The Chairman also introduced the others present at the meeting and asked members if there were any objections to them being at the Meeting. No dissent was expressed.
Adjournment of meeting
There was a very short adjournment of the meeting, whilst the final undertaker member, Chris Offer settled into the meeting. The Chairman advised that all that the business conducted up until Chris's arrival had been the introduction of those present at the meeting.
Recommencement of meeting
The Chairman advised of simple housekeeping rules regarding the fire exits and requested that mobile phones be placed on silent.
The Chairman advised that there were two groups of members attending the meeting. The Undertaker members entitled to vote had been provided with a yellow name badge and the New Entrant members entitled to vote had been provided with a green name badge.
The Chairman advised that after he had read the purpose of the meeting, he would hand over to Ben Jeffs to provide a reminder of the business plan and the budget before he opened the floor to take questions.
The Chairman therefore read the notice of the meeting as follows:
The Notice of the General Meeting provides that in accordance with the articles of association of MOSL that the proposed budget for the Company for the period ended 31 March 2016 being £14,549,796 comprised of a forecast budget of £12,489,635 and a proposed contingency of £2,060,161 in the form as set out in the Business Plan for the Company for the year ending 31 March 2017.

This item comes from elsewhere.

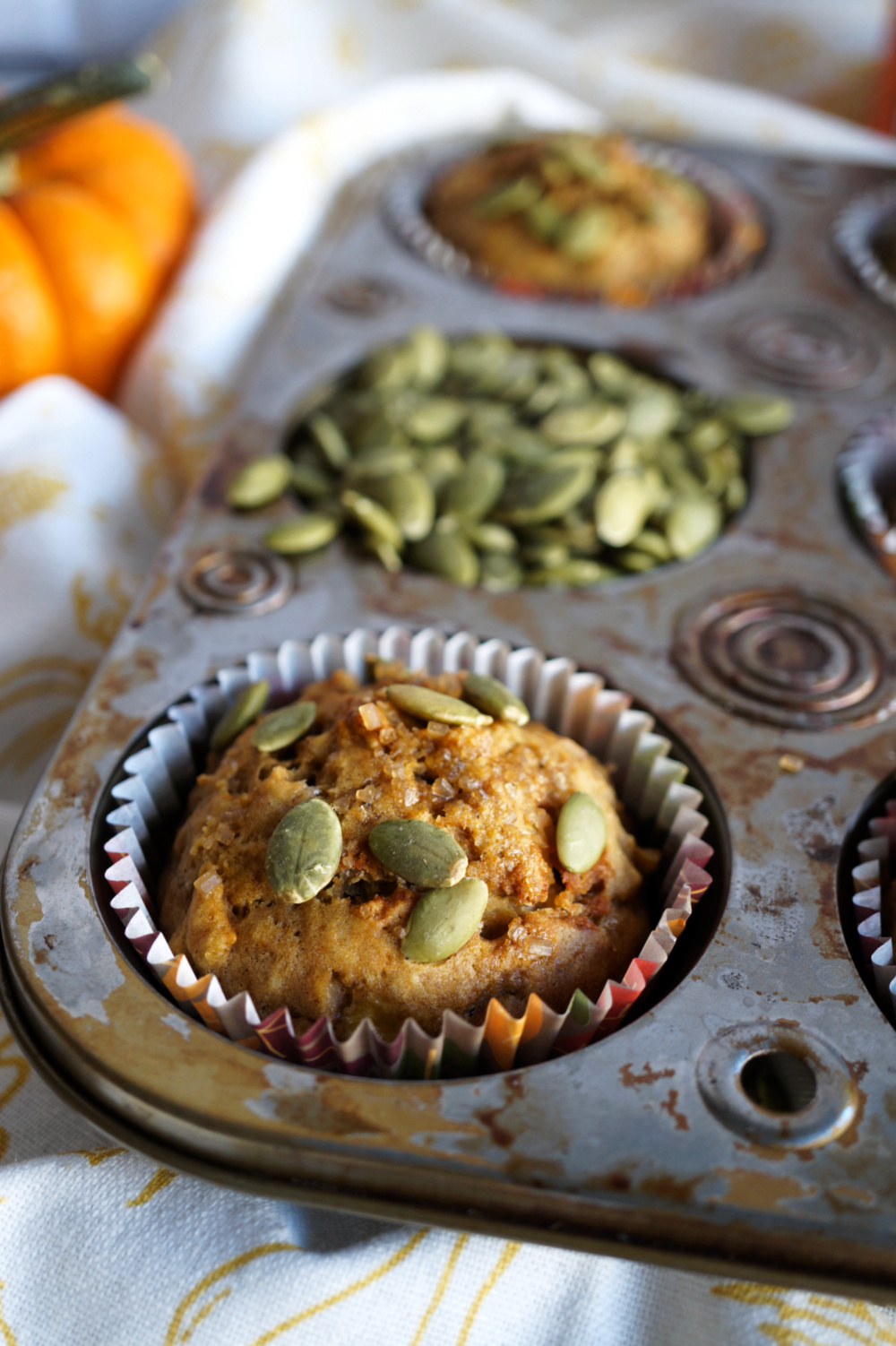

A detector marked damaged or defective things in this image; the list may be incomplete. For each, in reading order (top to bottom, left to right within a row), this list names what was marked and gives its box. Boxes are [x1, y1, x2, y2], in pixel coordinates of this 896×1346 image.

After reading the notice of the meeting, the Chairman asked the members to confirm that the notice had been read. There was a general consensus from the room.
The Chairman continued and advised that the directors have unanimously recommended that the budget be received and approved by the members, and that the directors believed that the proposed budget was in the best long term interests of the Company's members. The board were therefore recommending the proposed budget and the Chairman suggested that the Members used their vote in favour of the resolutions to be proposed.
The resolution was then proposed by the Chairman and seconded by Peter Bucks:
The Chairman then handed over to Ben Jeffs to provide an update of the progress to date.
Ben Jeffs ("BJ") thanked the Chairman and provided comment on the progress of MOSL. He noted that over the past 3 months the Business Plan ("the Plan") had been circulated to members for consultation and feedback following which the Plan had been updated and revised. BJ advised that the Plan was building on principles surrounding the MAP which had been sent out in July.
BJ continued to brief on the budget within the plan for the year 2015/2016 and commented that there was also a forward looking budget for 2016/2017.
BJ provided a brief update regarding the CGI contract and it was noted that the contract was signed on 30 September 2015. It was noted that details of the CGI Delivery Plan had been shared with member company CIO's at a recent meeting. He also reiterated MOSL’s intent to be open and transparent wherever possible, however, there will be instances where we need to maintain a level of confidentiality.
BJ advised that the MAP document was now under change control by the ICP and that over the summer CGI had reviewed and provided comments – the changes that have been made are largely minor housekeeping adjustments or of a technical nature e.g. security arrangements.
BJ added comment that he now felt a lot of comfort as to the direction of the Company. MOSL was now building as a business with a new board of directors, premises and had a team of around 30 people in place.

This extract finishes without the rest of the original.